Em um monólogo mental, o pai desfolha suas fraquezas, inclusive e sobretudo a maior delas: um caso extraconjugal que duas décadas antes já provocara uma bifurcação na sua rotina aparentemente invejável. "Affair" esse que ele, cirurgião renomado, casado com uma jornalista bem-sucedida, manteve com uma mulher pobre, ao que tudo indica sem atrativos, que encontrou por acaso nos subúrbios.
O que poderia dar num melodrama (que realmente é) fácil (nada disso), resulta num livro potente, graças à habilidade e ao refinamento estilístico de Margaret Mazzantini, autora italiana apresentada ao Brasil por este seu segundo romance, "Não se Mexa" (2001).
O primeiro, "Il Catino de Zinco" (A Bacia de Zinco, 1994), já impactara a crítica e o público na Itália. Mas foi com "Não se Mexa" que a escritora -originalmente atriz- se firmou de maneira definitiva na cena literária.
Pelo livro, Mazzantini, 41, levou no ano passado o Prêmio Strega -o que a colocou num panteão já ocupado por Dino Buzzati, Umberto Eco e 53 outros nomes, o que contribuiu, com certeza, para que "Não se Mexa" chegasse a impressionantes 400 mil cópias.
A ficcionista equilibra a narrativa entre o suspense e a dimensão subjetiva. E percebe bem que foi isso que deu ao romance tanto êxito: "Ele obteve a adesão de um público transversal. Como tem uma trama forte, capturou leitores mais "fáceis". Mas também chegou aos mais "difíceis", mais cultos", diz à Folha, falando por telefone de sua casa em Roma.
Margaret Mazzantini não veio à Bienal do Livro. Publicado no mês passado, seu romance nem mesmo figura no site da editora como um lançamento do evento. Uma lacuna importante, mais ainda porque é a Itália o país homenageado neste ano.
"Recebi o convite, mas não dava, com três filhos", diz Mazzantini, frisando que, para colocar em primeiro plano a vida pessoal, já preferira diminuir o ritmo itinerante dos palcos -fato que, admite, lhe deu o empurrão decisivo rumo às letras.

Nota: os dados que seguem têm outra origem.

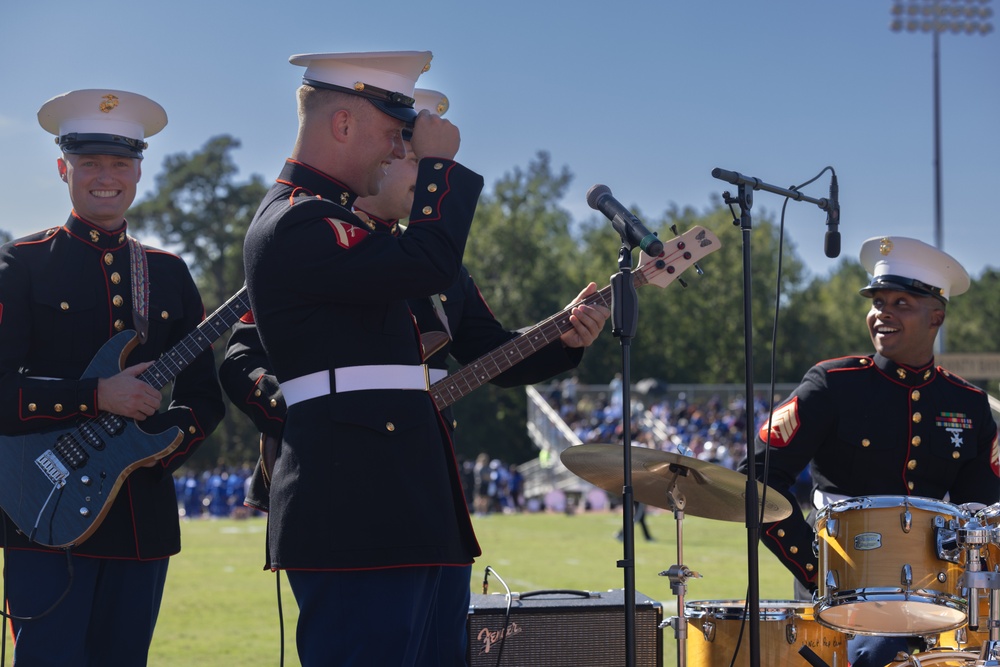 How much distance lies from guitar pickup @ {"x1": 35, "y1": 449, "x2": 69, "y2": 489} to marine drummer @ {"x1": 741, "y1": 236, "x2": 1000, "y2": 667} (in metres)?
3.05

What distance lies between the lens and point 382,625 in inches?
131

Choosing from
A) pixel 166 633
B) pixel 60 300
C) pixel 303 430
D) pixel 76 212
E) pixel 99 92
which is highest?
pixel 99 92

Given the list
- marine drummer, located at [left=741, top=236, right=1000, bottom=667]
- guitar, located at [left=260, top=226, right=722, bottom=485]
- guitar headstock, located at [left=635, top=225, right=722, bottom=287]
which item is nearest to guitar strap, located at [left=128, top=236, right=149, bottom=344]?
guitar, located at [left=260, top=226, right=722, bottom=485]

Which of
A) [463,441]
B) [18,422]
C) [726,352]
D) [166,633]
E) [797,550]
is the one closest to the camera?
[18,422]

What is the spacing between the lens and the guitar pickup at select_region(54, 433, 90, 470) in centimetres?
451

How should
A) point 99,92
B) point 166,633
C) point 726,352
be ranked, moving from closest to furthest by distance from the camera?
point 99,92
point 166,633
point 726,352

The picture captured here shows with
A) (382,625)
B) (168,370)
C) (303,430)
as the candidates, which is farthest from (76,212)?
(382,625)

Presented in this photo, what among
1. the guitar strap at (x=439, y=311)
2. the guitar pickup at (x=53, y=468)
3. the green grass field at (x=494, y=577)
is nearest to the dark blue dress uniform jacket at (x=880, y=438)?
the guitar strap at (x=439, y=311)

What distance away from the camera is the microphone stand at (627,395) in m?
3.92

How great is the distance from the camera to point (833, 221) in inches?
190

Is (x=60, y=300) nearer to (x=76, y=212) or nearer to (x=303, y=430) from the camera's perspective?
(x=76, y=212)

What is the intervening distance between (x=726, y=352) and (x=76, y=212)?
6643cm

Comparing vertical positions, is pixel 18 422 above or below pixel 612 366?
below

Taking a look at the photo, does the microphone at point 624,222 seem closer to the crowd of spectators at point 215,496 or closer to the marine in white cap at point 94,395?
the marine in white cap at point 94,395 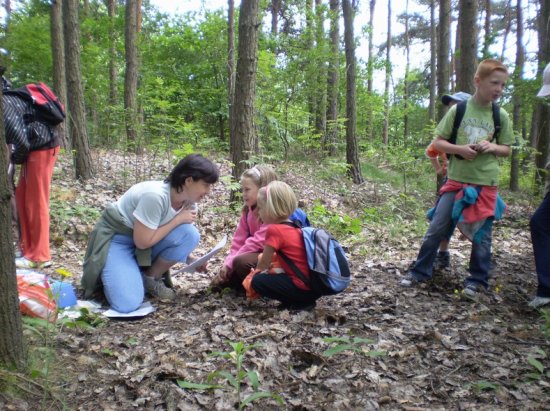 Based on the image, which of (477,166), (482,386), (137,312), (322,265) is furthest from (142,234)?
(477,166)

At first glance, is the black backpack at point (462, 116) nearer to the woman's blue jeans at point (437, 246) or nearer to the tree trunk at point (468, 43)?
the woman's blue jeans at point (437, 246)

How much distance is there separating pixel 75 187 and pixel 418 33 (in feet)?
77.0

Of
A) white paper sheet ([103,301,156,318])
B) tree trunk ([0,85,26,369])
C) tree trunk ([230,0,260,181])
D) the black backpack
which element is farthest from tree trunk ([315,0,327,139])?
tree trunk ([0,85,26,369])

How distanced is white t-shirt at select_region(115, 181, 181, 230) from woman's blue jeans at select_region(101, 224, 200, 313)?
0.63 ft

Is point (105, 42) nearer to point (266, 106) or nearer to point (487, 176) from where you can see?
point (266, 106)

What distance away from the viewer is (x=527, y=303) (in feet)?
12.2

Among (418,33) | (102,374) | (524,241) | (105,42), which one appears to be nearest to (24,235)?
(102,374)

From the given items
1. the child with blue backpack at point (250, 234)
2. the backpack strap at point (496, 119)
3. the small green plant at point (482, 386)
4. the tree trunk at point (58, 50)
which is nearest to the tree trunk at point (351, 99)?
the tree trunk at point (58, 50)

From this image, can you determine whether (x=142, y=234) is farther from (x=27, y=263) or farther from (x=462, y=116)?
(x=462, y=116)

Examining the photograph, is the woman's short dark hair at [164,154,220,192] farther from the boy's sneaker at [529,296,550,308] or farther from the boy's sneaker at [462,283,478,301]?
the boy's sneaker at [529,296,550,308]

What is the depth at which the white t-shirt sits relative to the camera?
11.5ft

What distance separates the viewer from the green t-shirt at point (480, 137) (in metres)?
3.86

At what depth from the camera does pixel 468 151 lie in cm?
376

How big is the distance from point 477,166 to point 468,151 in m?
0.20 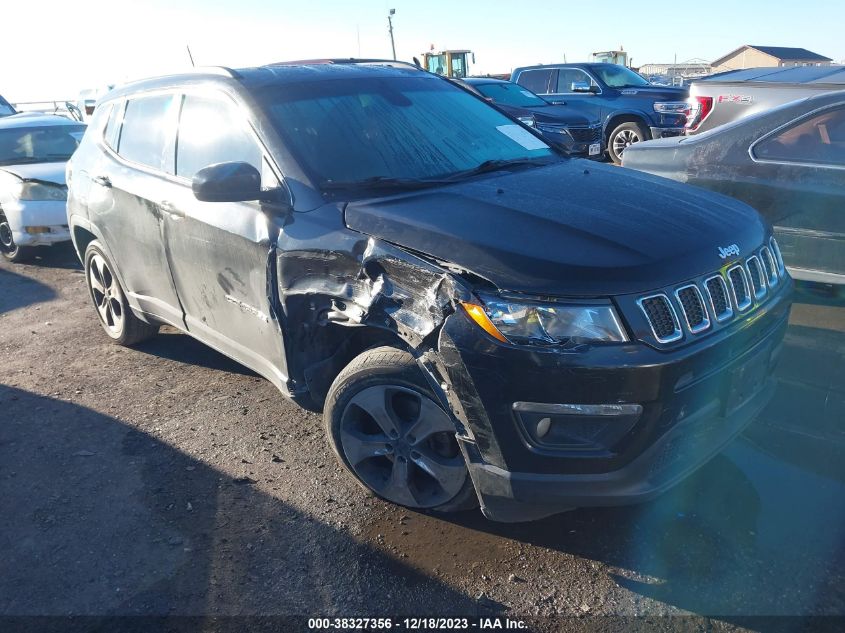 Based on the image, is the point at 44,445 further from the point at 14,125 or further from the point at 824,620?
the point at 14,125

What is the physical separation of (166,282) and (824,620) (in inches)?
143

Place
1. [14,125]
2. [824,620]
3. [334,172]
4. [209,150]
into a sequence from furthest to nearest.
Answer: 1. [14,125]
2. [209,150]
3. [334,172]
4. [824,620]

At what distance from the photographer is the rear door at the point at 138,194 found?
4.11 metres

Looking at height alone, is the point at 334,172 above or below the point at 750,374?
above

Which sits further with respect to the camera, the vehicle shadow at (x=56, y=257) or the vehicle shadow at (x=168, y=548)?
the vehicle shadow at (x=56, y=257)

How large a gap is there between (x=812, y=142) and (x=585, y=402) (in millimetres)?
3525

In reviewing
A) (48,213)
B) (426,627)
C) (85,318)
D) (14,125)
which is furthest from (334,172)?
(14,125)

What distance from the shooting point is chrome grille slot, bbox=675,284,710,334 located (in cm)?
248

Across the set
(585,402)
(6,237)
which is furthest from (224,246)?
(6,237)

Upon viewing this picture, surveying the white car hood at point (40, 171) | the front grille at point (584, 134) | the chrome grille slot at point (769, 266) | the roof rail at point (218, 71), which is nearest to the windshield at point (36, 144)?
the white car hood at point (40, 171)

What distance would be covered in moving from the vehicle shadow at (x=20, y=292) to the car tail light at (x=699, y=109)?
6.74 meters

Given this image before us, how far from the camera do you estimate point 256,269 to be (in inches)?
129

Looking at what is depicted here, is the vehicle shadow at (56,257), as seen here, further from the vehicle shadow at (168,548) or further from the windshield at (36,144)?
the vehicle shadow at (168,548)

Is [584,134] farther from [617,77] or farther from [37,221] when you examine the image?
[37,221] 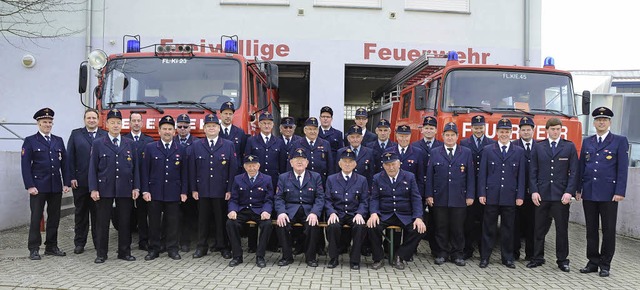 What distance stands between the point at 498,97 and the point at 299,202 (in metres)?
3.25

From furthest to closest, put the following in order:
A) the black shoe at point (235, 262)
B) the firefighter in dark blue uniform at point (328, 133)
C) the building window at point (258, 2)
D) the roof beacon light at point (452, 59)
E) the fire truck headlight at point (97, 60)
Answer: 1. the building window at point (258, 2)
2. the firefighter in dark blue uniform at point (328, 133)
3. the roof beacon light at point (452, 59)
4. the fire truck headlight at point (97, 60)
5. the black shoe at point (235, 262)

Filha de um escritor italiano e de uma pintora irlandesa, Mazzantini, que nasceu em Dublin, tratou o oficio literário como uma possibilidade distante até depois dos 30 anos. Preferiu, por um "bloqueio", colocar-se "a serviço do mundo poético dos outros". "Mas precisava dar vazão a algo murado dentro de mim."
Este "algo" surge, para a autora, do seu lado "observador do humano na vida". "Um ficcionista é um olho aberto para a vida. E, quando se fala da vida, se fala também da morte. Sempre é pelo contraponto, pela dicotomia que se avança."
Foi assim que, depois de ter encarado a história do século passado pela ótica feminina, em um primeiro livro inspirado na vida de sua avó, resolveu "entrar na intimidade dos homens". "Talvez pelo gosto infantil de travestir-se, a capacidade de mimetizar que é a mesma no ator e no escritor, capacidade de entrar nos ânimos e pensamentos do outro."
A "viagem em mar aberto" que fez para encontrar essa voz masculina durou cinco anos, ao longo dos quais atou e voltou a cortar o fio entre o "burguês" Timoteo e sua amante "opaca", Italia.
É justamente da distância entre os dois protagonistas que surge a perspectiva da redenção, característica fundante do gênero melodramático.
Redenção pelo sacrifício: Timoteo revive o amor periférico que não foi capaz de assumir, confessa que Italia fazia parte dele "como um rabo pré-histórico, alguma coisa mutilada pela evolução", da qual conserva o "halo, como que uma misteriosa presença no vazio". Alguma coisa, em suma, tão visceral e genuína a ponto de lhe permitir esperar que a renúncia a ela valha a vida da filha.


NÃO SE MEXA. Autora: Margaret Mazzantini. Tradução: Eduardo Brandão. Editora: Companhia das Letras (tel. 0/ xx/11/3707-3500). Quanto: R$ 39 (302 págs.). Na Bienal: estandes 313 a 328, Pavilhão 4 (Verde).